If he's not willing to be truthful with you then you got a problem.


----------



## Hicks (Jan 14, 2011)

Why don't you ask him to take a lie detector test. If he answers anything but YES, it means he is Bi or Gay.


----------



## mrs confused (Jul 25, 2011)

so we talked last night. after he calmed down a bit a recapped IN DETAIL the things i witnessed in the past. i asked him what reason in the world could be that the front seal was reclined so many years ago......no response. i asked him why he said he wanted another man, he said cause he wanted to watch me blow another guy and thats all (as if that's ok) i did perform this act for him on a dildo....now he says you fullfilled that fantacy so i don't need another guy. i also mentioned to him that he has no clue what to do with a womans body....i NEVER get 4play or anything that will turn me on. its ok im horney lick it and stick then have jack rabbit sex.....sorry but woman want so much more and HE HAS NO CLUE. my reationality for this is being the captain of the football team and the hockey star etc he never had to "work at it" the girls would throw themselves at him cause of his good looks so he never had to please a woman and now im paying for it. he really has no clue how to please me, he says bull**** ive had sex w too many woman in my life to not know what im doing....i know what im doing and them proceeds to do something and i just roll my eyes....my sex life sux.....another sign of bi?? thanks for answering and helping me vent this in an anonomys was as who could i really discuss this with???


----------



## mrs confused (Jul 25, 2011)

a lie detector test is an awsome idea i doubt highly he will agree.....he mentioned he shouldnt have to defend is masculinity and im just gonna have to get past this..... i said i did get past it for years.....well until it all happened last saturday again......that cat and mouse game of glances ewwwwwww


----------



## Hicks (Jan 14, 2011)

Yeah, if he doesnt' agree, you tell him that you have your answer, and then you operate accordingly.

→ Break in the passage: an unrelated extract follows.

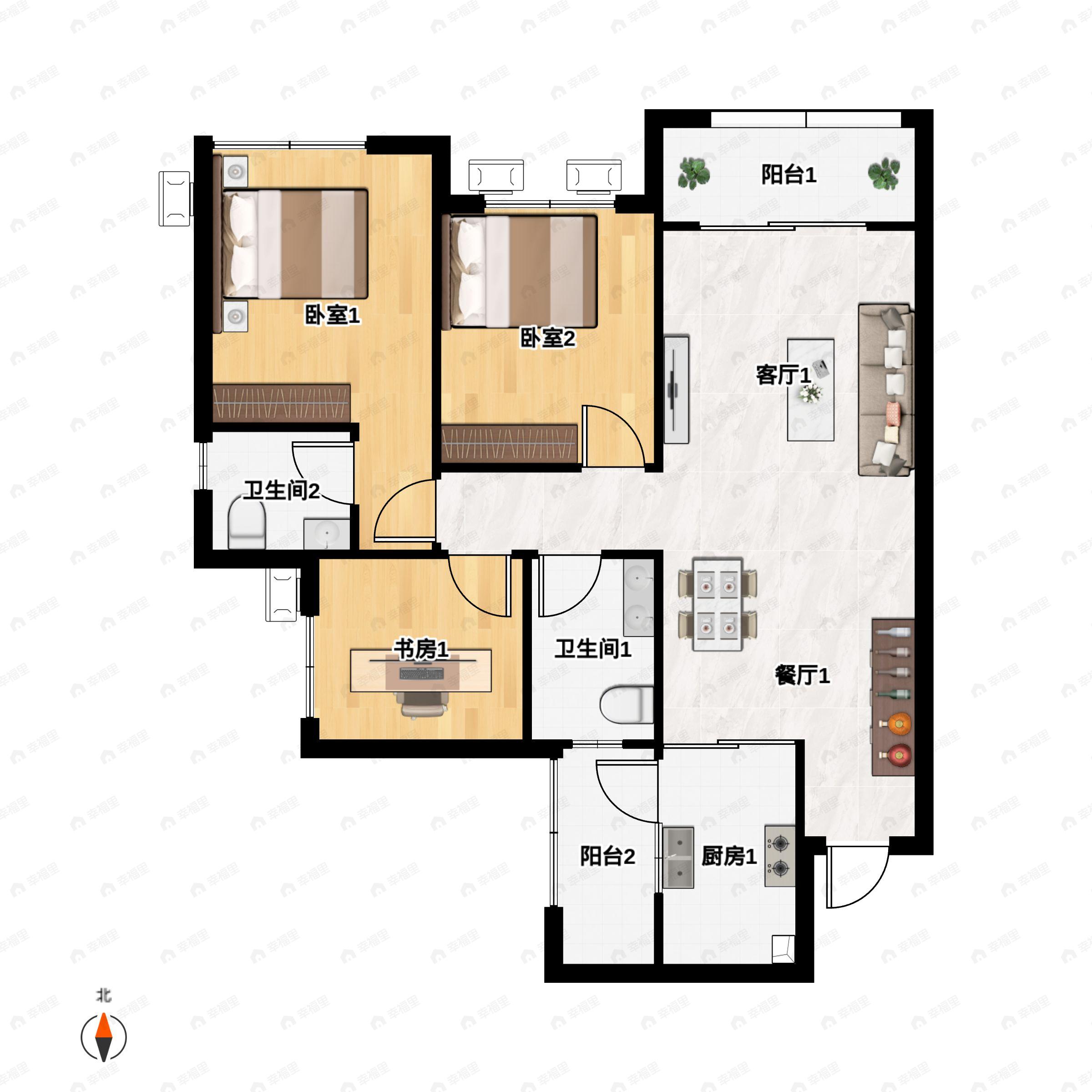 2室2厅2卫建面95平户型图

Regarding any subject in life, when a person becomes defensive and says things like "you should trust me", "I shouldnt have to prove it"... this means that the accuser is correct.


----------



## Lea2407 (Jul 14, 2011)

> i told my husband i saw what was going on and he blew up when we left...."IM NOT A ******" he became so angry and pissed off that i accused him again that *he threatned to hurt me and called me all sorts of names*. he says he was defending his manhood........help me make sence of this.....is he bi? should i look into this further? should i let it go, i saw what i saw and it made me feel uncomfortable.


Whether or not your husband is gay, bi, or straight, you don't deserve to be treated like this. This is not a healthy relationship. 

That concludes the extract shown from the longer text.